Im fachorthopädischen Gutachten vom 23.01.2002 stellte Dr. S. die Diagnosen einer Funktionsbehinderung der Lendenwirbelsäule bei degenerativen Veränderungen sowie Zustand nach Bandscheiben-OP L4/L5 mit rechtsseitiger Wurzelreizsymptomatik, degenerativer Veränderungen der HWS mit mäßiger Funktionsbehinderung ohne anhaltende cervikale Wurzelreizsymptomatik, Belastungsinsuffizienz beider Kniegelenke mäßigen Grades bei Knorpelschädigung der Rückfläche der Kniescheiben (Chondropathie patellae) und degenerativer Veränderungen des Muskelsehnenmantels (Rotatorenmanschette) des linken Schultergelenkes mit einer leichten Funktionsbehinderung. Schwere und mittelschwere körperliche Arbeiten mit Heben und Bewegen von Lasten über 5 bis 10 kg könne der Kläger nicht mehr verrichten. Gleiches gelte für Arbeiten in langanhaltend einseitiger und gebückter Körperhaltung, Überkopfarbeiten, Tätigkeiten auf Leitern und Gerüsten, kniende Tätigkeiten sowie Tätigkeiten mit häufigem Treppensteigen.
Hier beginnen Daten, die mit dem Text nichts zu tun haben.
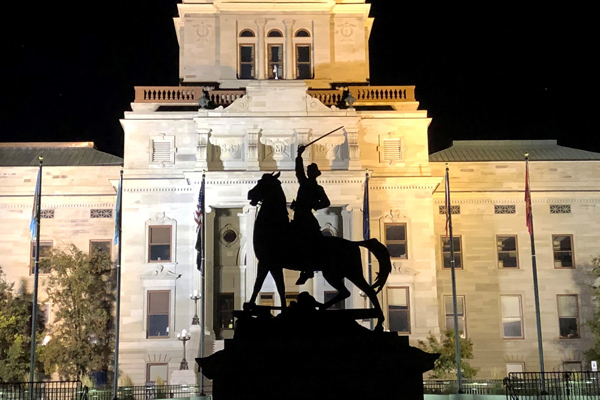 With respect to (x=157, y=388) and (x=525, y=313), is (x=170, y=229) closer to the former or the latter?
(x=157, y=388)

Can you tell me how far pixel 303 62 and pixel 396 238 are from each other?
1278cm

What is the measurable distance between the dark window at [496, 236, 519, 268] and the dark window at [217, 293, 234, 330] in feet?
52.2

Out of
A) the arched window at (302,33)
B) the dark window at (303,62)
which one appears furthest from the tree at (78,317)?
the arched window at (302,33)

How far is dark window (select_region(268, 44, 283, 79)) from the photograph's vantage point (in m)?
51.1

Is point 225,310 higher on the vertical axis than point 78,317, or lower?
higher

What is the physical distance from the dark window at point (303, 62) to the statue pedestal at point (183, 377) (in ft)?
64.2

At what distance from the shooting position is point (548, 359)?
1859 inches

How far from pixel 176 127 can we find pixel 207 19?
8886 millimetres

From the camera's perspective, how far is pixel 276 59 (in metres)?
51.4

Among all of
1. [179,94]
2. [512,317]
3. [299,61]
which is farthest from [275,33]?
[512,317]

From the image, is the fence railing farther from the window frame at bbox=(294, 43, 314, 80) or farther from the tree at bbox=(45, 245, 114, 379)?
the window frame at bbox=(294, 43, 314, 80)

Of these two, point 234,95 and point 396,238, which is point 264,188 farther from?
point 234,95

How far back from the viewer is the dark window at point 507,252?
49.0 m

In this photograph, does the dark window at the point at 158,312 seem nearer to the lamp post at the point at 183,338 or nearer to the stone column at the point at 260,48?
the lamp post at the point at 183,338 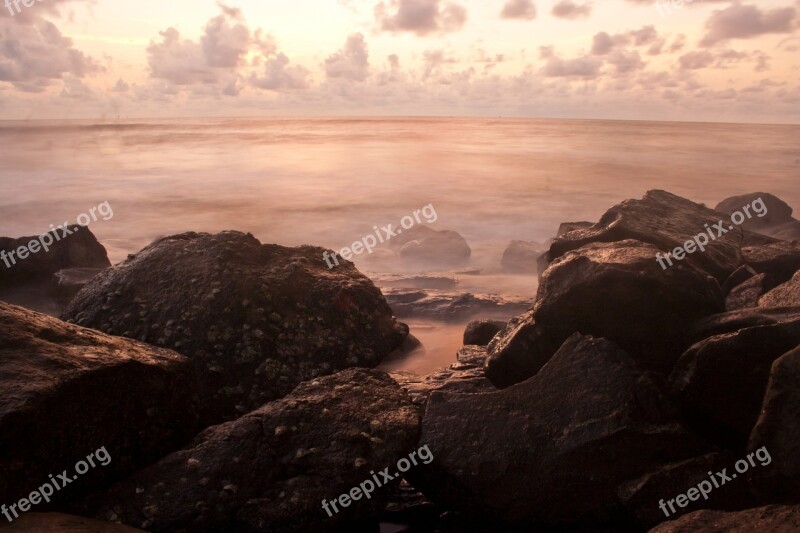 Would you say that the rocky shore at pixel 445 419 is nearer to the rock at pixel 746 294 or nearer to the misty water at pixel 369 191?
the rock at pixel 746 294

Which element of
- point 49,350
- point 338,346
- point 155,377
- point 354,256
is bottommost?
point 354,256

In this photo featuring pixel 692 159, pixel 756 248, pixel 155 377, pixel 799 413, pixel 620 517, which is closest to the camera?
pixel 799 413

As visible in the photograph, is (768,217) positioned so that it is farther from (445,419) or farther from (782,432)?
(445,419)

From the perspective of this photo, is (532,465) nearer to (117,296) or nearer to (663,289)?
(663,289)

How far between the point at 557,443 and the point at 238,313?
2641 mm

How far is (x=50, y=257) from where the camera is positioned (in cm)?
893

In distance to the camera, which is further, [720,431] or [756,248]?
[756,248]

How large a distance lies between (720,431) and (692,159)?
44714 millimetres

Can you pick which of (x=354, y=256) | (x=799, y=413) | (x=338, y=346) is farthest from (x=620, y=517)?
(x=354, y=256)

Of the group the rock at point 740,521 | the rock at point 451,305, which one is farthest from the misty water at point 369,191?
the rock at point 740,521

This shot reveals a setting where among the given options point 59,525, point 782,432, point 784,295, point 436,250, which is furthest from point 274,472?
point 436,250

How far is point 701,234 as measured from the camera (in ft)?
20.2

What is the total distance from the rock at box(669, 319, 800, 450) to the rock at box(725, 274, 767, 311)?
1.63m

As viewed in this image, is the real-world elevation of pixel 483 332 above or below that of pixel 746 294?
below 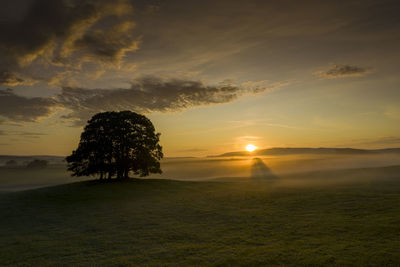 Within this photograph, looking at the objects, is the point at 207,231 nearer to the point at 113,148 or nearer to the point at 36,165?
the point at 113,148

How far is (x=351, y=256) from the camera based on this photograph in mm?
10461

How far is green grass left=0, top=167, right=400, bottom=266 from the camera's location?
1122 centimetres

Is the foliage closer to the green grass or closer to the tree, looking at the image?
the tree

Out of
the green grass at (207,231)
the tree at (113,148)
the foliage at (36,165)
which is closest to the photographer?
the green grass at (207,231)

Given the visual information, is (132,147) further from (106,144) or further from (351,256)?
(351,256)

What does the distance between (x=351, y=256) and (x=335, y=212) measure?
9.30 meters

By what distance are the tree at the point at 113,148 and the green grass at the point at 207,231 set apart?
11552mm

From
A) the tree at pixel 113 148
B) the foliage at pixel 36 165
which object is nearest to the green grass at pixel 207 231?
the tree at pixel 113 148

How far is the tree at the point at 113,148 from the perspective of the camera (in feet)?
132

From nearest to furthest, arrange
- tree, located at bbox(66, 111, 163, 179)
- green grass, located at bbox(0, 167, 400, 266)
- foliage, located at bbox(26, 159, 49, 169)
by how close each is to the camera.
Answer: green grass, located at bbox(0, 167, 400, 266) < tree, located at bbox(66, 111, 163, 179) < foliage, located at bbox(26, 159, 49, 169)

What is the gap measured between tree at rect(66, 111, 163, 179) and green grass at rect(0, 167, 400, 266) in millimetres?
11552

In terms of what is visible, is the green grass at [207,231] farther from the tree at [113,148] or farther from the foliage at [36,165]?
the foliage at [36,165]

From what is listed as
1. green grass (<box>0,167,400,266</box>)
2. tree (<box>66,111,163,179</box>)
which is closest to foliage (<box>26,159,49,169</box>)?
tree (<box>66,111,163,179</box>)

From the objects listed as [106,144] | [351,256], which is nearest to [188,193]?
[106,144]
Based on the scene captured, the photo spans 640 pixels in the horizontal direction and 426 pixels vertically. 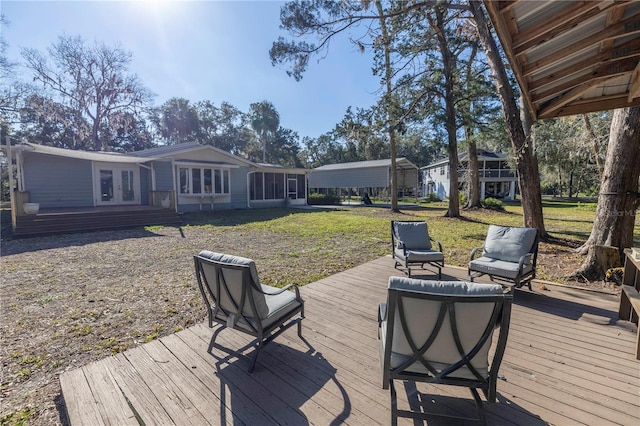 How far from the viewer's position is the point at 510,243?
4.41 metres

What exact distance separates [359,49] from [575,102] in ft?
26.1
Bei Beachtung dieser Einschränkungen könne der Kläger Tätigkeiten im Wechsel von Sitzen, Stehen und Gehen vollschichtig ausüben. Der Kläger sei auch noch in der Lage, täglich vier Mal eine Wegstrecke von mehr als 500 m innerhalb von jeweils 20 Minuten zurückzulegen und zwei Mal öffentliche Verkehrsmittel während der Hauptverkehrszeiten zu benutzen.

In einer Stellungnahme vom 25.03.2002 vertrat der Orthopäde K. die Auffassung, der Kläger könne nur noch unter zwei Stunden tätig sein. Auch könne er eine Wegstrecke von mehr als 500 m in jeweils 15 bis 20 Minuten maximal 3 mal täglich zurücklegen.

Im auf Antrag des Klägers gemäß § 109 SGG eingeholten orthopädischen Gutachten vom 19.08.2002 teilte Dr. Z. mit, gegenüber dem Vorgutachten ergebe sich keine Änderung. Es bestehe inhaltlich Übereinstimmung mit den Ausführungen des Sachverständigen Dr. S ...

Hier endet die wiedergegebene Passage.